10 Years Ago
The Haines Borough School Board will meet at 7 p.m. on July 14 to hear a detailed presentation and ask questions about a proposal by borough consultant Darsie Culbeck to use wood chips to heat public buildings.
In a brief presentation to the board Tuesday, Culbeck said chip-burning boilers near the swimming pool could save the school district up to $2 million over the next 20 years, at current fuel prices.
Culbeck told the board the reason he wants to proceed with chips – instead of wood pellets, as previously planned – was that chips could be locally produced. “We can’t make pellets in the community right now, but we can make chips.”
Previous to a borough decision to pursue pellet heat, borough leaders passed over chips as an option. Arguments against chips included that they required handling before burning, including drying, and that they tended to ball together, creating “clinkers” that gummed up chip delivery systems.
Culbeck told the board that quarter-inch “microchips” would be dried one year, leaving them with the “right moisture content” for boilers the borough recently acquired.
Chips previously considered – including ones used at a municipal facility in Craig – were “messy” and “hard to work with,” Culbeck said.
Culbeck said he envisioned the Haines Borough would employ a worker to tend the chip boiler. “There’s more maintenance needed on a chip boiler than an oil boiler. That’s something we do recognize,” he said.
20 Years Ago
Musicians from around the world will be coming to Haines in August to participate in the first annual CrossSound Institute summer session.
The five-day course, which will include master classes open to Haines residents, is aimed at honing the skills of singers and piano accompanists, and will be capped by a public concert featuring original works by two visiting composers.
Stewart Emerson, a professor at Berlin’s Hanns Eisler Academy of music, will headline the sessions, offering expertise that has helped train some of Europe;’s most acclaimed operatic singers. “He’s a real specialist in his field,” said Juneau contractor Stefan Hakenberg, who worked with Emerson at Germany’s Cologne Opera in the early 1990s. “A lot of today’s opera singers in big opera houses have worked with him.”

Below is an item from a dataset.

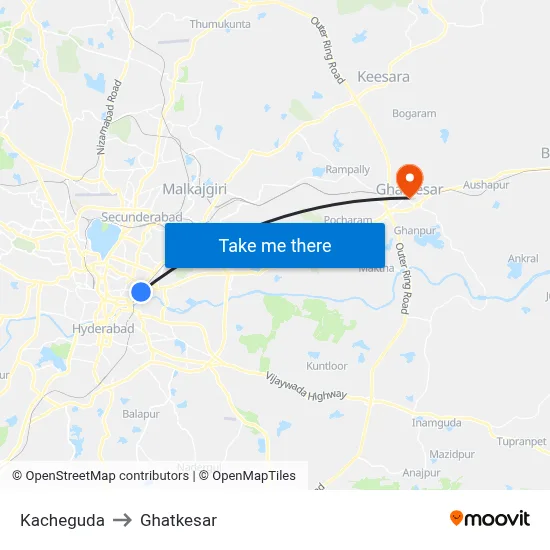 Kacheguda to Ghatkesar map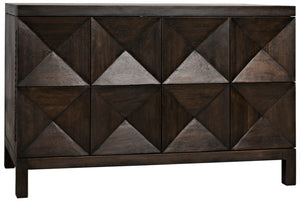 Noir Quadrant Handcrafted Sideboard with Sculpted Doors - Modern Design for Stylish Home Storage Solutions Ebony Walnut GCON231EB-2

Emerson has taught at the Royal College of Music in London and is an expert in four fields: conducting, singing, piano and vocal coaching, said Nancy Nash, program director for the Haines sessions.
60 Years Ago
Haines area lumber operators are expanding their activities westward.
Most recent announcement from the office of Governor Hickel reports that Westward Timber Products, a group formed by John Schnabel of Schnabel Lumber Co. in Haines and James and Gifford Evens, owners of Evans Lumber Co. in Anchorage, will open a mill in Seward to process timber from the Fairbanks area.
Present plans call for moving a stable mill from Haines to the Seward site, which will employ 15 mill workers plus woods personnel.
Future plans are for a mill capable of 200,000 board feet of cants a day plus an annual output of 192,000 tons of wood chips per year.
Mill construction and operation will hinge on successful completion of timber sale arrangements. The operation will employ some 70 workers in the mill and 75 in the field, according to the governor’s office.